I got curious about computer science when I was nine years old. I was watching PBS and they were interviewing someone from MIT who had created a social robot named Kismet. It had big ears that moved. It could smile. I didn’t know you could do that with machines. So, from when I was little, I had in my mind that I wanted to be a robotics engineer and I was going to MIT.
Eventually, I did reach MIT, but I went to Georgia Tech for my undergraduate degree. I was working to get a robot to play peekaboo because social interactions show some forms of perceived intelligence. It was then that I learned about the code bias: Peekaboo doesn’t work when your robot doesn’t see you.
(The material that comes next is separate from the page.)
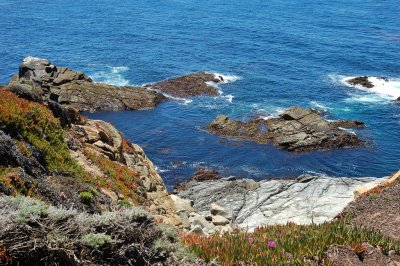 DSC_9935.jpg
[A few years later] at MIT, when I was creating [a robot] that would say, “Hello, beautiful,” I was struggling to have it detect my face. I tried drawing a face on my hand and it detected that. I happened to have a white [Halloween] mask in my office. I put it on [and it detected that]. I was literally coding in whiteface. I did another project where you could “paint walls” with your smile. Same issue: Either my face wasn’t detected, or when it was I was labeled male.
Cathy O’Neil’s book Weapons of Math Destruction talks about the ways technology can work differently on different groups of people or make certain social conditions worse, which made me feel less alone. [At the time], I was a resident tutor at Harvard and the dining hall workers were on strike. I heard people protesting and wondered, Do I just follow this comfortable path that I’m on or might I take the risk and fight for algorithmic justice?
I changed my research focus and started testing different systems that analyze faces. That became my MIT master’s work, [a project] called Gender Shades. I collected a data set of members of parliament from three African countries and three European countries — and found AI systems worked better overall on lighter-skinned faces. Across the board, they work the worst on people most like me: darker-skinned women.